__INFORMATION GIVEN__:

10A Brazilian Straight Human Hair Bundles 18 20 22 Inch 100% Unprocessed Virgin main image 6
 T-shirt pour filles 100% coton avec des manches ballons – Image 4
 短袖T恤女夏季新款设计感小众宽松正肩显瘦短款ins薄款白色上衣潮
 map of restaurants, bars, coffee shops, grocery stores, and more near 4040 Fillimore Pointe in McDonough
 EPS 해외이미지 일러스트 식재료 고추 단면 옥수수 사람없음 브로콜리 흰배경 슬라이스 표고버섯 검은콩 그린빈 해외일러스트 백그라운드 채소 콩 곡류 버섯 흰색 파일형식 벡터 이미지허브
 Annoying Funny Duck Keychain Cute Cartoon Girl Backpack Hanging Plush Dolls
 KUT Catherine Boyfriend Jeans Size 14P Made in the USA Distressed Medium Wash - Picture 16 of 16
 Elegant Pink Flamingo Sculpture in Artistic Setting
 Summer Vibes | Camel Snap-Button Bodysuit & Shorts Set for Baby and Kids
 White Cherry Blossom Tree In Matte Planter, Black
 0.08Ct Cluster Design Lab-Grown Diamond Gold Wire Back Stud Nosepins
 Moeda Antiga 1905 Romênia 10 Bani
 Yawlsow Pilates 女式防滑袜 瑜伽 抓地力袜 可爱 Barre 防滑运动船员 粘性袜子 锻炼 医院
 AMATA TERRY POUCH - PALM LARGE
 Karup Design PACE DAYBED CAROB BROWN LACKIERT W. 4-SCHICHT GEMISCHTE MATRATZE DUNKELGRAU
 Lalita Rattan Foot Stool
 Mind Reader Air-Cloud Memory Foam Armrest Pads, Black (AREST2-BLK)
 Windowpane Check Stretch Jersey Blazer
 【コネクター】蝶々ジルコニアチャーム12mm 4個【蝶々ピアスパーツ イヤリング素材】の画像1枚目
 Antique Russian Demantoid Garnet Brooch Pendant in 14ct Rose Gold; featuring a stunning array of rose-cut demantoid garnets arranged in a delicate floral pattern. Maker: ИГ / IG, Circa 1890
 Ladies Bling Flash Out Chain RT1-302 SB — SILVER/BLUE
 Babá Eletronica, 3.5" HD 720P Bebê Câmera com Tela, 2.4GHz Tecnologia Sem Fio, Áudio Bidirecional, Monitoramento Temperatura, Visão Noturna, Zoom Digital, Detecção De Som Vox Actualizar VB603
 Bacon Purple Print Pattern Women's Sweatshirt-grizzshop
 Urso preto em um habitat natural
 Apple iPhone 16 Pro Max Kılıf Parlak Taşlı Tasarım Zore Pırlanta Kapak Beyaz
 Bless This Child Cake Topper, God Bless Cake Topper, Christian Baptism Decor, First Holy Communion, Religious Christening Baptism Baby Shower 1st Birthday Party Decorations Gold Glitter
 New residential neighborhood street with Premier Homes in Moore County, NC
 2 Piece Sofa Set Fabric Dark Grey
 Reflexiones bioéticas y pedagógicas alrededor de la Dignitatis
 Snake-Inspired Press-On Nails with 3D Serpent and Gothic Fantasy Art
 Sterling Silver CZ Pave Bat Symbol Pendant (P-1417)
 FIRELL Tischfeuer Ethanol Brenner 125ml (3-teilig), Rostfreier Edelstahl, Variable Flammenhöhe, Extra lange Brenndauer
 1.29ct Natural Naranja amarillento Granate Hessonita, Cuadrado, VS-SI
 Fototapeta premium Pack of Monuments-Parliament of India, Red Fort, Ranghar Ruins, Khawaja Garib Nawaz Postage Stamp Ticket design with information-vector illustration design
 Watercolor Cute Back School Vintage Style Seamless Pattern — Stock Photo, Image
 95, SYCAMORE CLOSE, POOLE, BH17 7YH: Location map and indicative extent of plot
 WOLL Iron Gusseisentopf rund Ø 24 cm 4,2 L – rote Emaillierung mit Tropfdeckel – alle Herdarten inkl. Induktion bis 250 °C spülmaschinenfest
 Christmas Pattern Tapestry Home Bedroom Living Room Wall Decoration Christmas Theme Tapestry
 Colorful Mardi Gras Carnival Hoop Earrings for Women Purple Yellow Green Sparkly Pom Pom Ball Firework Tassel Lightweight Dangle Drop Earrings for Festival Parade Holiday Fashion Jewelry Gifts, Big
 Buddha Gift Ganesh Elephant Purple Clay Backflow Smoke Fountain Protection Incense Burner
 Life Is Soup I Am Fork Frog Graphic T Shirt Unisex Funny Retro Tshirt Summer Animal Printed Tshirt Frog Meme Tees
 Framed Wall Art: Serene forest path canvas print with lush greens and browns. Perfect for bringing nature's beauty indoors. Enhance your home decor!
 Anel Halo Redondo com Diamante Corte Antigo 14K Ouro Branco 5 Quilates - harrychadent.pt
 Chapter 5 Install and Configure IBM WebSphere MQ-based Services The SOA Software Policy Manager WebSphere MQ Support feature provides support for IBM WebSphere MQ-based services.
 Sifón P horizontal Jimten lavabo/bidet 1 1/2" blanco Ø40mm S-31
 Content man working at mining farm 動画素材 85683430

__WHAT YOU ARE ASKED TO DO__: Find where the line with "Sterling Silver CZ" sits in the material above, then copy exactly from it through the line with "Sifón P horizontal". Add no other line.

__COMPLETED TASK__:
 Sterling Silver CZ Pave Bat Symbol Pendant (P-1417)
 FIRELL Tischfeuer Ethanol Brenner 125ml (3-teilig), Rostfreier Edelstahl, Variable Flammenhöhe, Extra lange Brenndauer
 1.29ct Natural Naranja amarillento Granate Hessonita, Cuadrado, VS-SI
 Fototapeta premium Pack of Monuments-Parliament of India, Red Fort, Ranghar Ruins, Khawaja Garib Nawaz Postage Stamp Ticket design with information-vector illustration design
 Watercolor Cute Back School Vintage Style Seamless Pattern — Stock Photo, Image
 95, SYCAMORE CLOSE, POOLE, BH17 7YH: Location map and indicative extent of plot
 WOLL Iron Gusseisentopf rund Ø 24 cm 4,2 L – rote Emaillierung mit Tropfdeckel – alle Herdarten inkl. Induktion bis 250 °C spülmaschinenfest
 Christmas Pattern Tapestry Home Bedroom Living Room Wall Decoration Christmas Theme Tapestry
 Colorful Mardi Gras Carnival Hoop Earrings for Women Purple Yellow Green Sparkly Pom Pom Ball Firework Tassel Lightweight Dangle Drop Earrings for Festival Parade Holiday Fashion Jewelry Gifts, Big
 Buddha Gift Ganesh Elephant Purple Clay Backflow Smoke Fountain Protection Incense Burner
 Life Is Soup I Am Fork Frog Graphic T Shirt Unisex Funny Retro Tshirt Summer Animal Printed Tshirt Frog Meme Tees
 Framed Wall Art: Serene forest path canvas print with lush greens and browns. Perfect for bringing nature's beauty indoors. Enhance your home decor!
 Anel Halo Redondo com Diamante Corte Antigo 14K Ouro Branco 5 Quilates - harrychadent.pt
 Chapter 5 Install and Configure IBM WebSphere MQ-based Services The SOA Software Policy Manager WebSphere MQ Support feature provides support for IBM WebSphere MQ-based services.
 Sifón P horizontal Jimten lavabo/bidet 1 1/2" blanco Ø40mm S-31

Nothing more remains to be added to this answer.